En ce qui concerne le maintien des tarifs réglementés. Dans un contexte de libéralisation totale du marché ce maintien est un mythe que vous entretenez pour adoucir la destruction programmée du service public de l’énergie. Cet affichage ne trompe personne ! Quand on voit la volonté sur les plans national et européen d’alignement des tarifs réglementés sur ceux du marché, entreprise facilitée par l’absence de transparence et de contrôle sur la formation des tarifs réglementés. D’ailleurs les tarifs réglementés sont au banc des accusés de la lettre de griefs du Commissaire chargé de la concurrence. Et comme il semblerait que ce soit elle qui dicte la loi !

Autre mesure sur laquelle je voudrais revenir tant son insuffisance est criante : la tarification de solidarité. Je ne reviendrais pas sur la question des critères d’éligibilité que vous avez encore balayée d’un revers de main alors qu’un amendement de l’opposition en Commission mixte paritaire proposait un certain nombre d’améliorations. Non je voudrais juste attirer votre attention sur l’hiver qui est là, sur les expulsions qui se sont précipitées avant la trêve hivernale, sur la multiplication des personnes qui ne peuvent plus vivre de leur travail, sur la nécessité d’assurer à tous un toit et un chauffage. Le droit à l’énergie pour tous doit être garanti par les pouvoirs publics en raison des enjeux vitaux pour les personnes concernées.

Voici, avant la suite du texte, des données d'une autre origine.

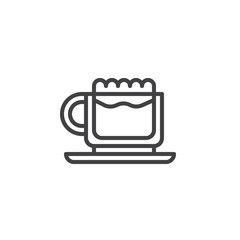 Cup of latte drink line icon, outline vector sign, linear style pictogram isolated on white. Symbol, logo illustration. Editable stroke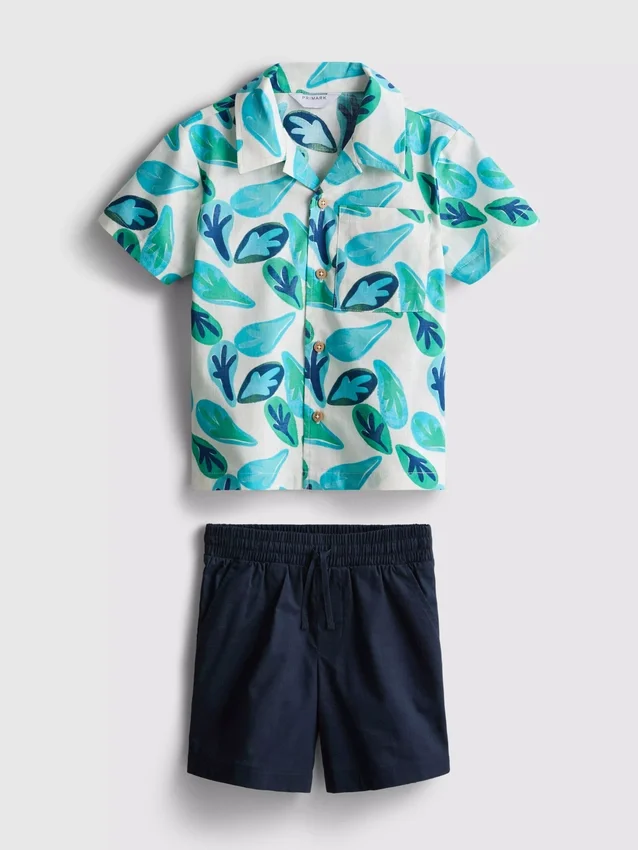 1,5-8 años | Conjunto de camisas y pantalones cortos de algodón slub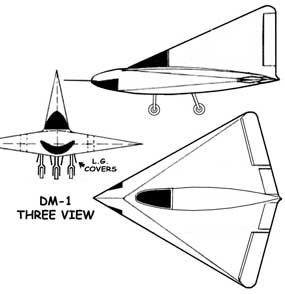 Lippisch DM-1 Glider three view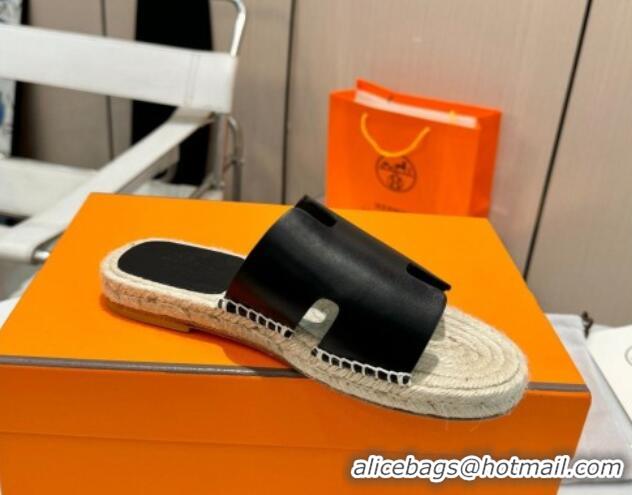 Sophisticated Hermes Izmir Espadrille Flat Slides Sandal in Smooth Calfskin Black 815072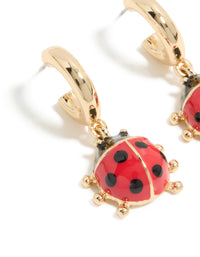 Gold Ladybug Huggie Earrings - link has visual effect only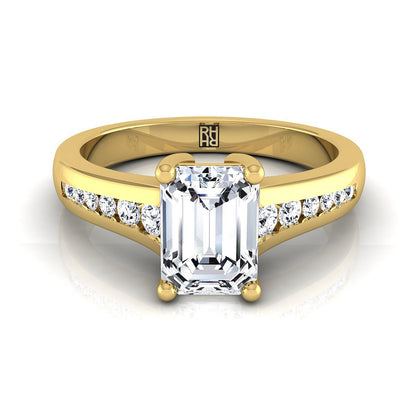 European Cut, Contemporary Tapered Channel Emerald, in 18K Yellow Gold | RockHer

La tarification sociale dans un contexte de libéralisation totale du service public de l’énergie et de désengagement de l’Etat ne sera pas suffisante pour faire face à la misère grandissante en France et pour mettre fin aux conditions de vie déplorables des plus démunis.

En démantelant les entreprises publiques qui s’étaient construites sous la forme d’entreprises intégrées, qui pouvaient réduire les coûts de production et permettre des péréquations entre leurs activités, pour construire un service public efficace. Vous allez encore accroître les inégalités sociales.
A ce titre la fin de la péréquation tarifaire nationale signe la mise à mort du principe même de péréquation et de solidarité nationale.

Le service public de l’énergie français est un des plus performants au monde. Gaz De France est une entreprise qui se porte bien et qui n’avait aucunement besoin du soutien de Suez pour survivre.
D’ailleurs après la satisfaction des concessions demandées par Bruxelles vos arguments justifiant la fusion n’ont plus aucun sens ! Votre entêtement n’aboutira qu’à la destruction d’un outil qui a fait ses preuves et qui assurait la sécurité de l’approvisionnement, sa continuité, la sécurité des installations, le droit d’accès à l’énergie pour tous. Se faisant, vous remettez en cause les investissements nécessaires pour satisfaire les besoins énergétiques nationaux de demain.
En raisons des risques de la libéralisation totale du secteur énergétique, et parce que nous pensons que la mise en ouvre de la politique énergétique nécessite un maintien et un renforcement des outils publics au niveau national et européen, les sénateurs du groupe communiste républicain et citoyen voteront contre ce texte.